** Work task **
Write out the data again exactly, skipping every picture.

━━━━━ Records supplied

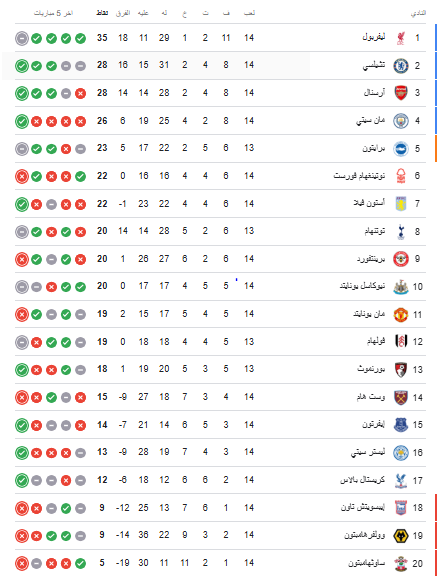 ترتيب الدوري الإنجليزي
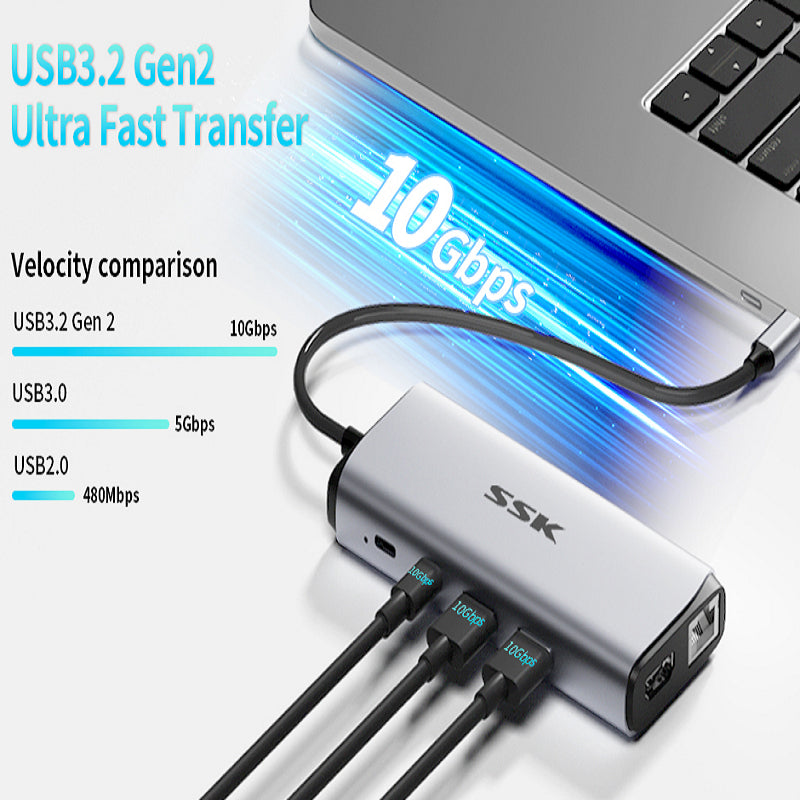 SSK SC207 10-In-1 USB-C Hub Multiport Adapter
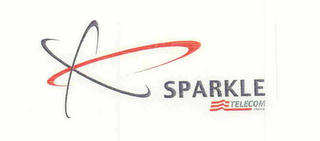 SPARKLE TELECOM ITALIA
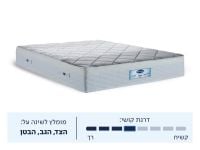 מזרן זוגי LEXUS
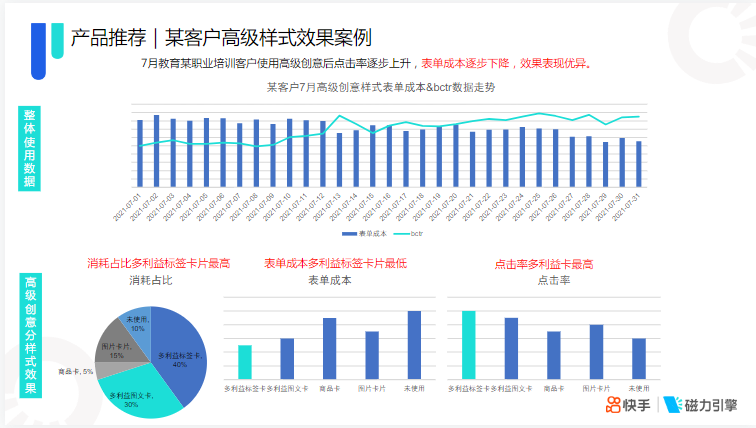 快手KA教育行业报告2021年7月 | 快手开通广告账户平台 快手KA教育行业报告2021年7月 | 快手开通广告账户平台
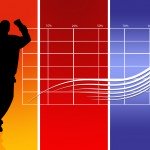 Tips for Improving Your Credit Score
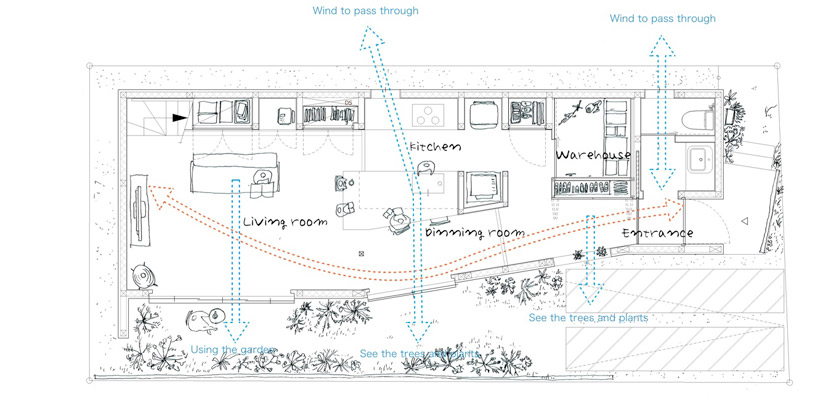 SKAL + OUVI: house of setagaya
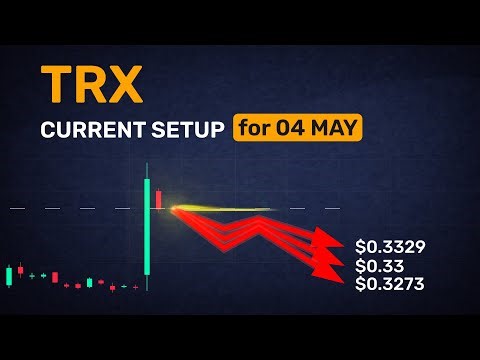 No noise. Just 5 mins of TRX forecasts for tomorrow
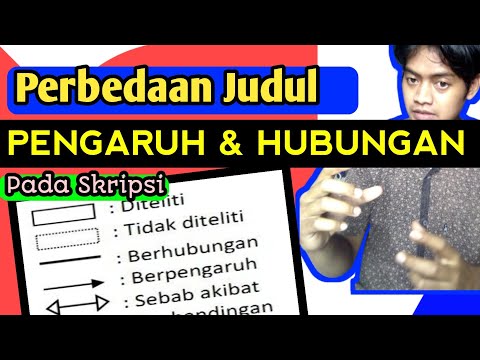 Video: Cepat Atau Lambat? Mengenai Kepantasan Hubungan Dalam Hubungan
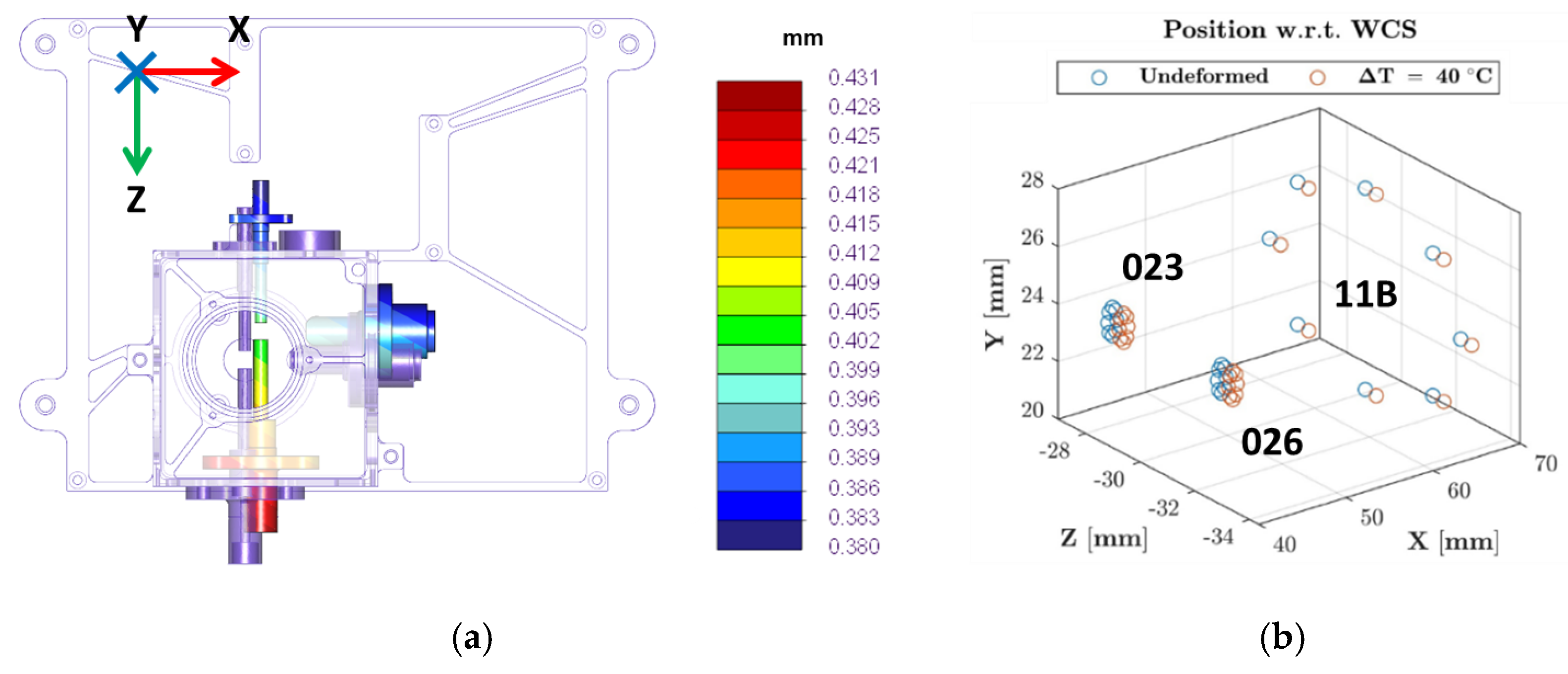 Applsci 13 12810 g015 Applsci 13 12810 g015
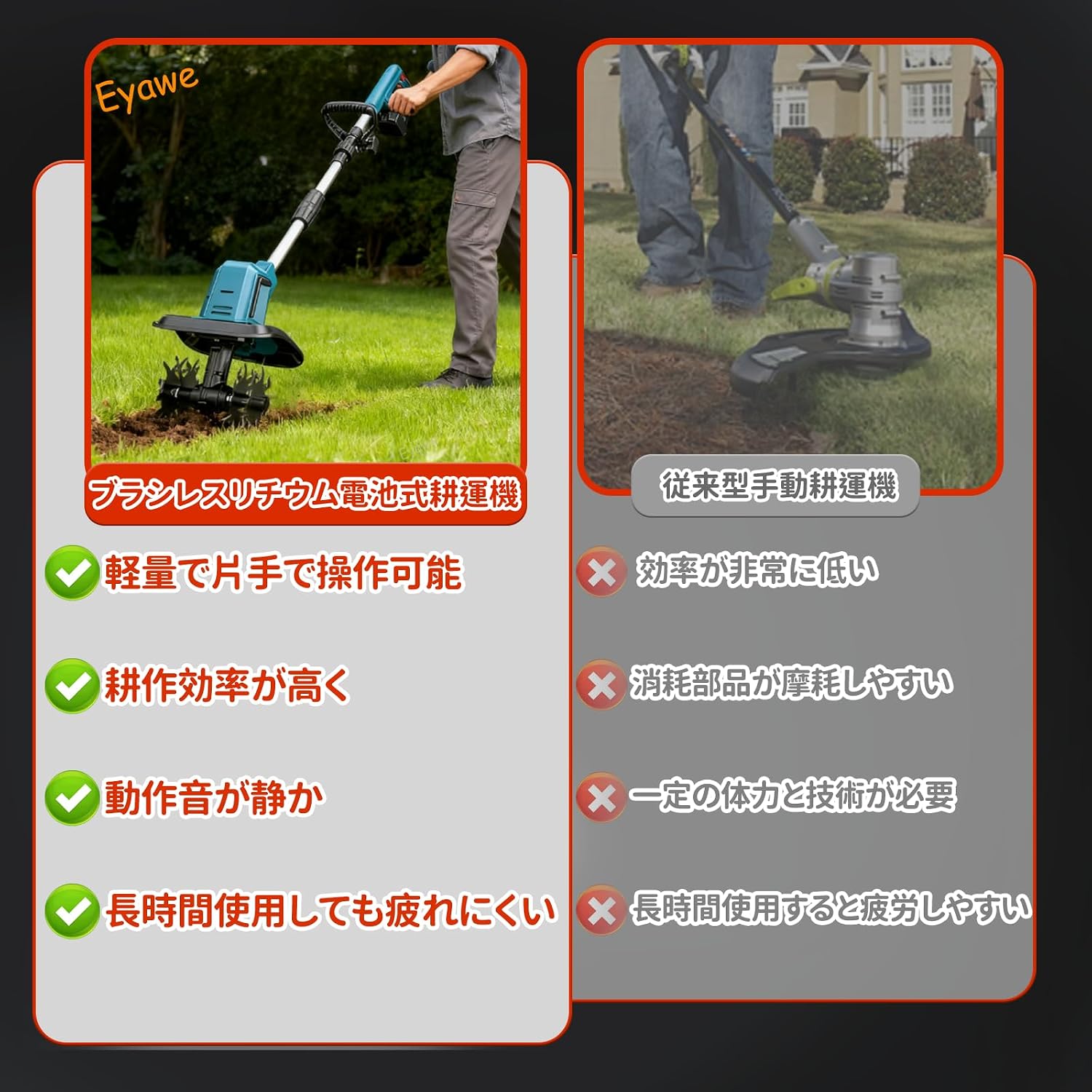 耕運機 家庭用 充電式 21V强电机 4000mAh高容量电池 续航可达8h 耕幅300mm 耕深220mm 軽量 【クラウン】 折り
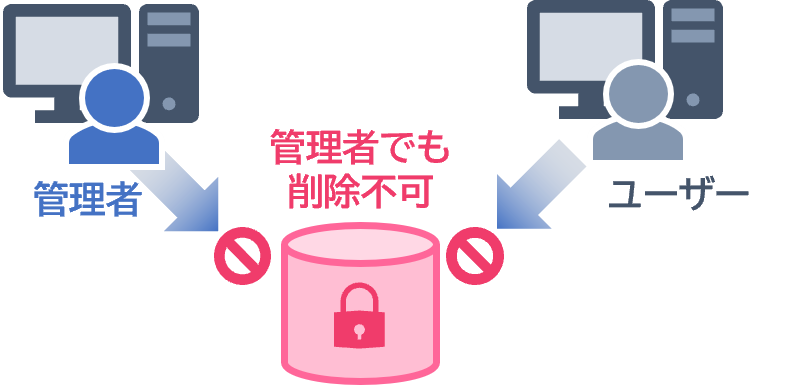 NetApp SnapLock Compliance(SLC)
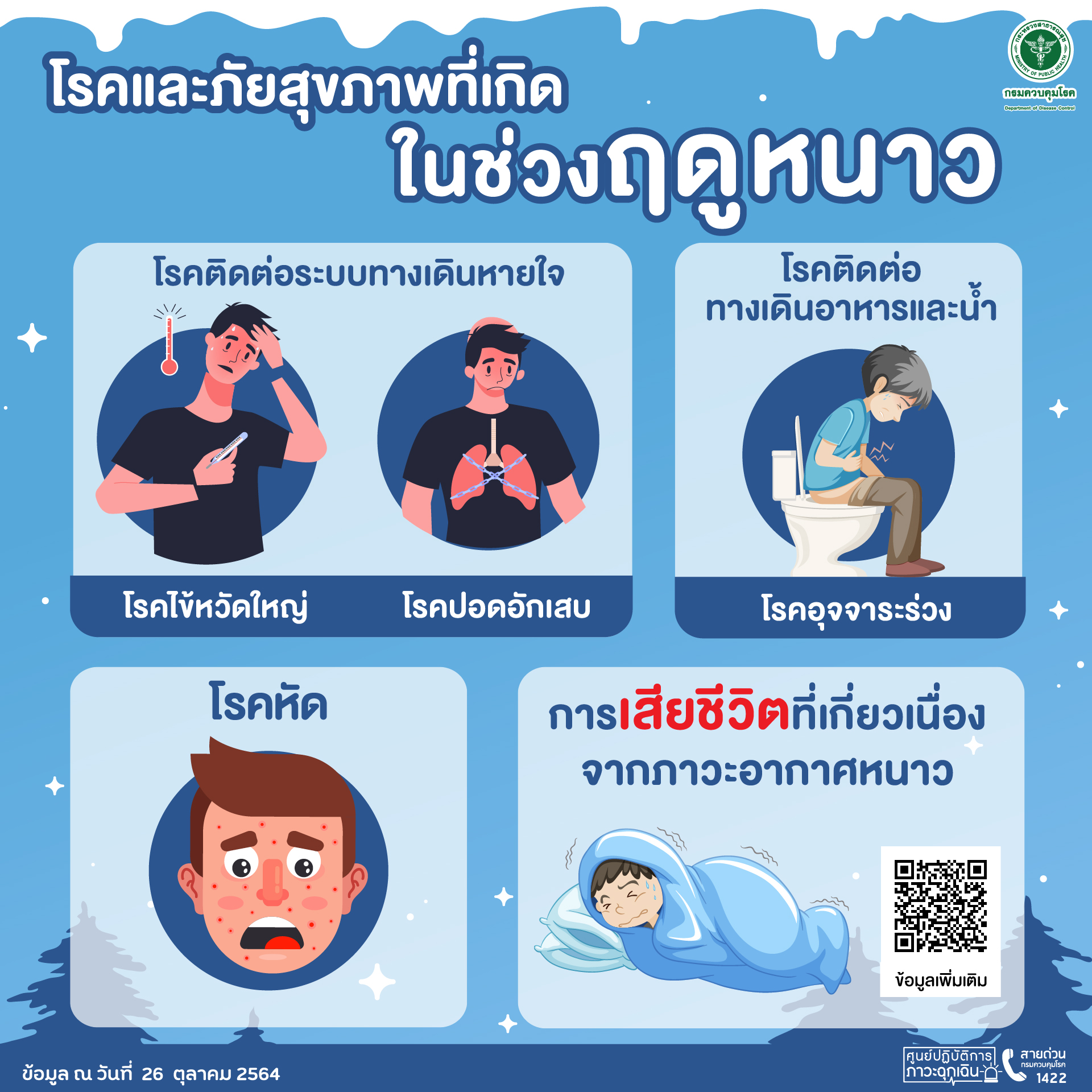 ฤดูหนาวนี้ต้องระวัง! ประกาศเตือนประชาชนเฝ้าระวังโรคและภัยสุขภาพ ฤดูหนาวนี้ต้องระวัง! ประกาศเตือนประชาชนเฝ้าระวังโรคและภัยสุขภาพ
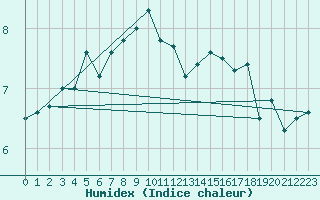 Courbe de l'humidex pour Lista Fyr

━━━━━━━━━━

** Response to the exercise **
 ترتيب الدوري الإنجليزي
 SSK SC207 10-In-1 USB-C Hub Multiport Adapter
 SPARKLE TELECOM ITALIA
 מזרן זוגי LEXUS
 快手KA教育行业报告2021年7月 | 快手开通广告账户平台 快手KA教育行业报告2021年7月 | 快手开通广告账户平台
 Tips for Improving Your Credit Score
 SKAL + OUVI: house of setagaya
 No noise. Just 5 mins of TRX forecasts for tomorrow
 Video: Cepat Atau Lambat? Mengenai Kepantasan Hubungan Dalam Hubungan
 Applsci 13 12810 g015 Applsci 13 12810 g015
 耕運機 家庭用 充電式 21V强电机 4000mAh高容量电池 续航可达8h 耕幅300mm 耕深220mm 軽量 【クラウン】 折り
 NetApp SnapLock Compliance(SLC)
 ฤดูหนาวนี้ต้องระวัง! ประกาศเตือนประชาชนเฝ้าระวังโรคและภัยสุขภาพ ฤดูหนาวนี้ต้องระวัง! ประกาศเตือนประชาชนเฝ้าระวังโรคและภัยสุขภาพ
 Courbe de l'humidex pour Lista Fyr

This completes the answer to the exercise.